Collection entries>
BEGIN

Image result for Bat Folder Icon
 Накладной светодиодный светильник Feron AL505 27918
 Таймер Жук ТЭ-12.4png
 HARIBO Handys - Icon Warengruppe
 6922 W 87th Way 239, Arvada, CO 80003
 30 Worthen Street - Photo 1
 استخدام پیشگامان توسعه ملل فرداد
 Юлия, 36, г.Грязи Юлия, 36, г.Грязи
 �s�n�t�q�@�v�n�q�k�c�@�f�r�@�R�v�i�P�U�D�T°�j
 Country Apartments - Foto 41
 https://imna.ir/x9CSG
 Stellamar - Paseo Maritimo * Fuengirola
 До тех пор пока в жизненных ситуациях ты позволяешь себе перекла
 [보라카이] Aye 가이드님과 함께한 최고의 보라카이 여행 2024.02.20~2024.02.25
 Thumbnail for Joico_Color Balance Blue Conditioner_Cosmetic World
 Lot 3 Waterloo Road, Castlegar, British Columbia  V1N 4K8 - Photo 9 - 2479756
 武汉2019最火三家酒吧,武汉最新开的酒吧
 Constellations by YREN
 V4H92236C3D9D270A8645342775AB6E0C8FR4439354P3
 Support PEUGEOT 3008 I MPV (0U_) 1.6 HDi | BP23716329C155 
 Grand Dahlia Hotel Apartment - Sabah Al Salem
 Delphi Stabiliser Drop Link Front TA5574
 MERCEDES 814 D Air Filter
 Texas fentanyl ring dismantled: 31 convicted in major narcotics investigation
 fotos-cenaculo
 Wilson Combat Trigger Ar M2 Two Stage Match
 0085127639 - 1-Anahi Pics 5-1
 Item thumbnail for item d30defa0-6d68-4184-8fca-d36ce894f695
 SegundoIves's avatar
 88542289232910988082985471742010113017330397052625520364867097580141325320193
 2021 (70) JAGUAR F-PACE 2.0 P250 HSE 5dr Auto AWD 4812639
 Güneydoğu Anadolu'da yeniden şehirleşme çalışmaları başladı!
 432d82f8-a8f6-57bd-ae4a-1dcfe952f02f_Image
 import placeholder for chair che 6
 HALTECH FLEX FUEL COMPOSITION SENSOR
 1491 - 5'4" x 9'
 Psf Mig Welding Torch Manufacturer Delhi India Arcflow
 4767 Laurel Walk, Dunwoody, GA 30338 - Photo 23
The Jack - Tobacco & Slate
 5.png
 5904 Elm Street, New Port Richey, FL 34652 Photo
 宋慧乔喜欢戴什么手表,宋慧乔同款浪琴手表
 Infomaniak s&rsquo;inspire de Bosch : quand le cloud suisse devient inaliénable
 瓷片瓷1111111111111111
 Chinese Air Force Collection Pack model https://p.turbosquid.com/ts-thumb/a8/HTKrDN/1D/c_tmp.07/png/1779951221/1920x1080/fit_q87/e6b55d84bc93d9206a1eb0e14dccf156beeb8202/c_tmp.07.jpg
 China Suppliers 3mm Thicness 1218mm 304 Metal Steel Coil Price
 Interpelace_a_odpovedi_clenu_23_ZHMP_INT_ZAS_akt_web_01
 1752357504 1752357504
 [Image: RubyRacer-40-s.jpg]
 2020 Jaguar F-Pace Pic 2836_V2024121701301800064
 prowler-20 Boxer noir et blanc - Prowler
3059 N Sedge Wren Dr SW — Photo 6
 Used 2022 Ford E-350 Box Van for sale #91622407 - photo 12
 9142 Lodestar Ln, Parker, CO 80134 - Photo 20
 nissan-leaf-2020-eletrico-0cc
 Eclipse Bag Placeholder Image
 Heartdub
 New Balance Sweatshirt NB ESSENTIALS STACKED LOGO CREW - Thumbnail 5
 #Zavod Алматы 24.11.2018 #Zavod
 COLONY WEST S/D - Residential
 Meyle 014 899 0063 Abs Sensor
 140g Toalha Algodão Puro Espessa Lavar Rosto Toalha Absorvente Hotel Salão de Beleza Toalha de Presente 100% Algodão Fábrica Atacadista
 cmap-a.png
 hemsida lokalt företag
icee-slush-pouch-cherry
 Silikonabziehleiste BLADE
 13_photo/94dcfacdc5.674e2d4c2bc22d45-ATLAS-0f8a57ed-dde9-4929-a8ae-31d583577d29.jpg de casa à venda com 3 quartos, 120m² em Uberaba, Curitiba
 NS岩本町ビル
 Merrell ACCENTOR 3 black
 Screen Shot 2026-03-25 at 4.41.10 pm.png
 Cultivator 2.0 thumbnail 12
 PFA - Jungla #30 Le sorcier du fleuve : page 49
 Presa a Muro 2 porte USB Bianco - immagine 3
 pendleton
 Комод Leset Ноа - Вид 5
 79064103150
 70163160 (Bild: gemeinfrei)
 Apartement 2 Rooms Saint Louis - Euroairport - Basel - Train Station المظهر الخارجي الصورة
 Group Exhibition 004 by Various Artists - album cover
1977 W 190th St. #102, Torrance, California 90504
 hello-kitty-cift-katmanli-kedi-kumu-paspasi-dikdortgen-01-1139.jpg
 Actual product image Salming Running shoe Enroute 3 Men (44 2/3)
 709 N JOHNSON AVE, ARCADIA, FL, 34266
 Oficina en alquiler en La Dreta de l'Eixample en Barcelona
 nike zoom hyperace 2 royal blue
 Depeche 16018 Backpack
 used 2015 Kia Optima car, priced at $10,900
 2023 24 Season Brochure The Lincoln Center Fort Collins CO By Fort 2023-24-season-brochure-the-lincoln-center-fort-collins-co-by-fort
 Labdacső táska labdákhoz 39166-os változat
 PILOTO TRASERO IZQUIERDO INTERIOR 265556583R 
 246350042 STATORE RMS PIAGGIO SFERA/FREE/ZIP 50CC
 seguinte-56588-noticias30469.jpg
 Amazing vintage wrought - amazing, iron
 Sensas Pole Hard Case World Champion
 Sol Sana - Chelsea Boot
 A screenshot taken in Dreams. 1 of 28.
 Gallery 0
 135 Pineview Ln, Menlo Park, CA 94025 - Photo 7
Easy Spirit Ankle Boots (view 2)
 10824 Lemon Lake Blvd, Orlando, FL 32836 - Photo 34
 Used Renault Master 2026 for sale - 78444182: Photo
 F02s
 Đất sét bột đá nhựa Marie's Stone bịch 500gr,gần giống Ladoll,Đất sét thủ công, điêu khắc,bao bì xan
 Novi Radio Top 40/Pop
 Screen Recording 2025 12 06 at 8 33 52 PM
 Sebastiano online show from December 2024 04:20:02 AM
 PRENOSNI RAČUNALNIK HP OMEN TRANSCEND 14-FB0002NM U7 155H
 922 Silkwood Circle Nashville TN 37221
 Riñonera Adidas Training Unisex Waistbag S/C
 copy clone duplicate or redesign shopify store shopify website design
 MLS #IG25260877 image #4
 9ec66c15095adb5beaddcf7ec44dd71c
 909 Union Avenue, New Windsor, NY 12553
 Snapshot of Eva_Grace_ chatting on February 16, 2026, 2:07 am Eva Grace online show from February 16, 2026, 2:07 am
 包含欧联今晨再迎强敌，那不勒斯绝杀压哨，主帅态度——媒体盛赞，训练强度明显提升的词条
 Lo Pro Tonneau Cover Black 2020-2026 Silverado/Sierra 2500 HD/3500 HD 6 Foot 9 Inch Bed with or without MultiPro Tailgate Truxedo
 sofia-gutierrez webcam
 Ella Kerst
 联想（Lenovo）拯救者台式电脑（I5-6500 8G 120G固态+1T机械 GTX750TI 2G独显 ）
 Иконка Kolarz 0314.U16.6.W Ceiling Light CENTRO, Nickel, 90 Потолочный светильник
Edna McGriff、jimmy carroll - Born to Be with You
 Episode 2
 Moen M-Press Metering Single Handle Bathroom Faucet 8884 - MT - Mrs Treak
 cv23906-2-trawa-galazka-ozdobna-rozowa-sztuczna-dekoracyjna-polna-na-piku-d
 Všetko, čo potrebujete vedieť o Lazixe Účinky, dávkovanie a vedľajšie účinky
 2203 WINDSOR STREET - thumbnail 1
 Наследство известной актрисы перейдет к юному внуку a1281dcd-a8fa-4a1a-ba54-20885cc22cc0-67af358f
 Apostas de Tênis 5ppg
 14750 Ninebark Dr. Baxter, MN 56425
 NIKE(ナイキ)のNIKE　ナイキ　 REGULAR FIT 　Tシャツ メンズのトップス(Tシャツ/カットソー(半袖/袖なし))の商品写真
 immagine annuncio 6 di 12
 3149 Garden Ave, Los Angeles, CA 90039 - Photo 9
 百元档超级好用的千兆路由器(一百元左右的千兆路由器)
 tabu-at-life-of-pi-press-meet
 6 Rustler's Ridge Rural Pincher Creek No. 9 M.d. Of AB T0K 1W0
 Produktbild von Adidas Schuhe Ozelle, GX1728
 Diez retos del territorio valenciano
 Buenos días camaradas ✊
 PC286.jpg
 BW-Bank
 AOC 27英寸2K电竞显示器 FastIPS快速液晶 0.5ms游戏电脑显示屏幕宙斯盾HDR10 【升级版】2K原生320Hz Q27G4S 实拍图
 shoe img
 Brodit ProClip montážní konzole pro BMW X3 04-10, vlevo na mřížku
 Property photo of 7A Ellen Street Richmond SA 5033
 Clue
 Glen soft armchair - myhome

END

Required work> Every line from the line containing "1752357504 1752357504" through the line containing "Cultivator 2.0 thumbnail 12" in the records above must be retyped exactly. Leave out the rest.

Your response>
 1752357504 1752357504
 [Image: RubyRacer-40-s.jpg]
 2020 Jaguar F-Pace Pic 2836_V2024121701301800064
 prowler-20 Boxer noir et blanc - Prowler
3059 N Sedge Wren Dr SW — Photo 6
 Used 2022 Ford E-350 Box Van for sale #91622407 - photo 12
 9142 Lodestar Ln, Parker, CO 80134 - Photo 20
 nissan-leaf-2020-eletrico-0cc
 Eclipse Bag Placeholder Image
 Heartdub
 New Balance Sweatshirt NB ESSENTIALS STACKED LOGO CREW - Thumbnail 5
 #Zavod Алматы 24.11.2018 #Zavod
 COLONY WEST S/D - Residential
 Meyle 014 899 0063 Abs Sensor
 140g Toalha Algodão Puro Espessa Lavar Rosto Toalha Absorvente Hotel Salão de Beleza Toalha de Presente 100% Algodão Fábrica Atacadista
 cmap-a.png
 hemsida lokalt företag
icee-slush-pouch-cherry
 Silikonabziehleiste BLADE
 13_photo/94dcfacdc5.674e2d4c2bc22d45-ATLAS-0f8a57ed-dde9-4929-a8ae-31d583577d29.jpg de casa à venda com 3 quartos, 120m² em Uberaba, Curitiba
 NS岩本町ビル
 Merrell ACCENTOR 3 black
 Screen Shot 2026-03-25 at 4.41.10 pm.png
 Cultivator 2.0 thumbnail 12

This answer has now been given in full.